Consumers Feel the Next Crisis: It’s Credit Cards
New York Times, October 29, 2008

Lenders wrote off an estimated $21 billion in bad credit card loans in the first half of 2008 as more borrowers defaulted on their payments.

With companies laying off tens of thousands of workers, the industry stands to lose at least another $55 billion over the next year and a half.

Currently, the total losses amount to 5.5 percent of credit card debt outstanding, and could surpass the 7.9 percent level reached after the technology bubble burst in 2001.

Big lenders like American Express, Bank of America, Citigroup and Target have begun tightening standards for applicants and are culling their portfolios of the riskiest customers.

Capital One has aggressively shut down inactive accounts and reduced customer credit lines by 4.5 percent.

Lenders are shunning consumers already in debt and cutting credit limits for existing cardholders, especially those who live in areas ravaged by the housing crisis or who work in troubled industries.

In some cases, lenders are reining in credit lines after monitoring cardholders who shop at the same stores as other risky borrowers or who have mortgages from certain companies.

The result [for consumers] can be a lower credit score, which forces a borrower to pay higher interest rates and makes it harder to obtain loans.

A reduced line of credit can also make it harder for consumers to manage their budgets…lenders have 30 days to notify their customers, and they often wait to do so after taking action.

American Express said it would be increasing effective interest rates by 2 or 3 percentage points for some of its credit card holders—a move that could, for example, push a 15 percent rate up to 18 percent.

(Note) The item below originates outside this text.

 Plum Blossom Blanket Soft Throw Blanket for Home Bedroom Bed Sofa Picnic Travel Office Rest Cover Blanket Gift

Some reward programs have also gotten stingier as card companies have substituted cheaper brands to lower the costs of their redemption prizes.

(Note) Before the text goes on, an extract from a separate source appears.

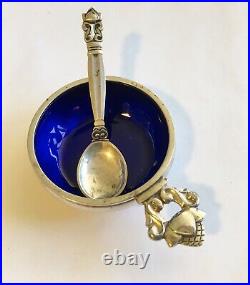 Vintage Sterling Georg Jensen Blue Enamel Lined Salt Dip And Spoon, Acorn #62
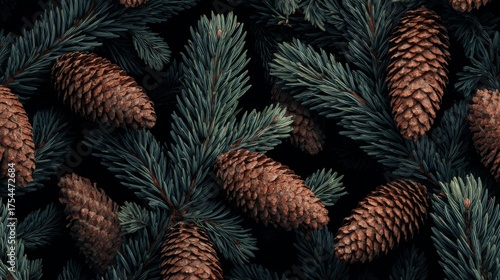 Pine cones seamless pattern, realistic evergreen branches and brown cones on dark background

“Credit card issuers have realized their market is shrinking and that there is no room for extra credit cards, so they have to scale back,” said Lisa Hronek, a research analyst at Mintel.

“People are completely maxed out with mortgages, home equity lines and credit card debt.”

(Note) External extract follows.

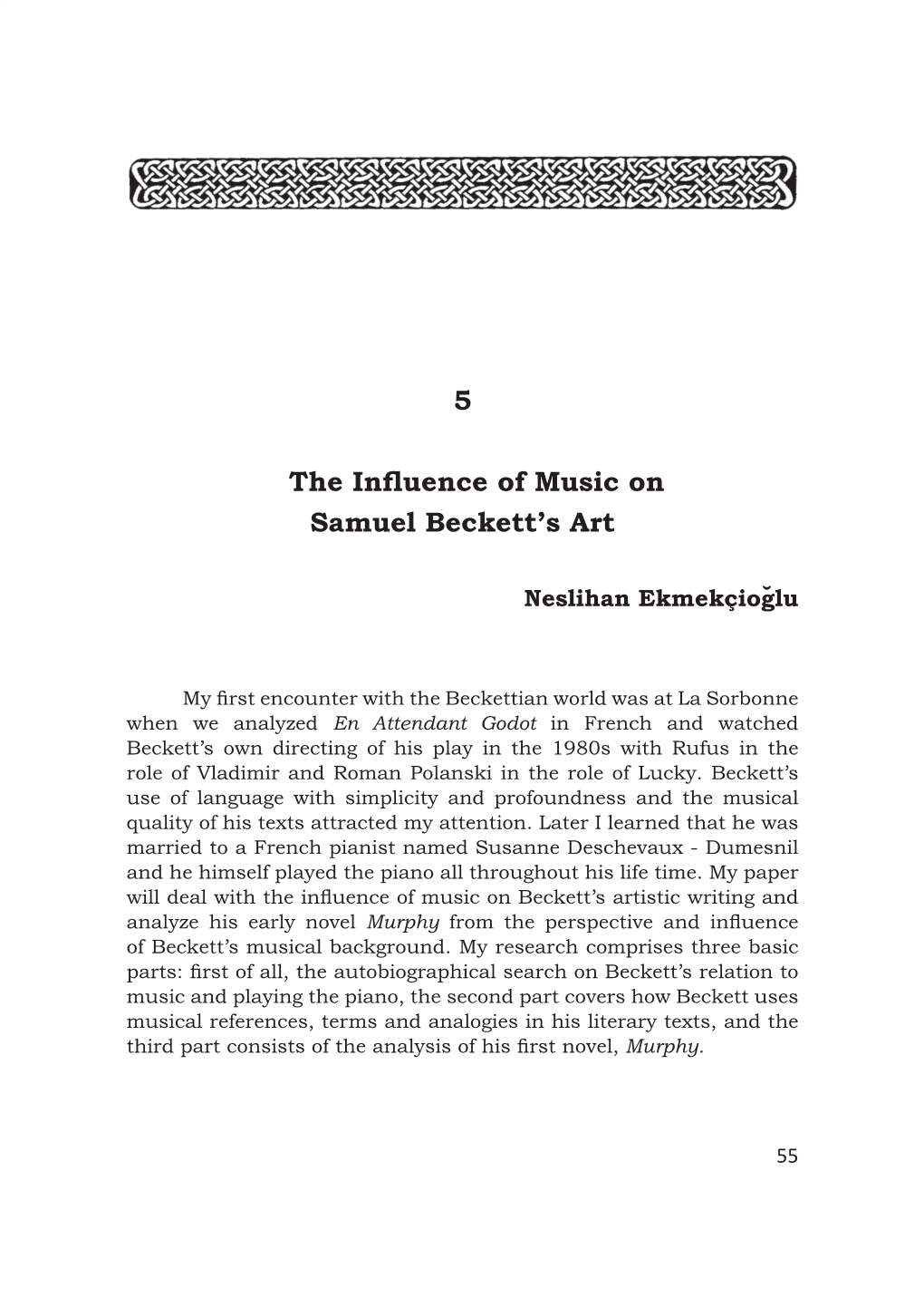 5 the Influence of Music on Samuel Beckett's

At the same time, credit card profit margins have been narrowing, largely because lenders’ own financing costs remain elevated as investors spurn credit card bonds, just as they did mortgages.

Another factor is that the interest rates banks charge even creditworthy borrowers have come down after the emergency actions taken by the Federal Reserve to ease the credit crisis.

Meanwhile, bank executives say consumers are starting to curb their spending, to an extent that may become clearer Wednesday when Visa reports its third-quarter results.

In previous downturns, banks could make up the missing profits by raising fees. This time, there may be less room to maneuver.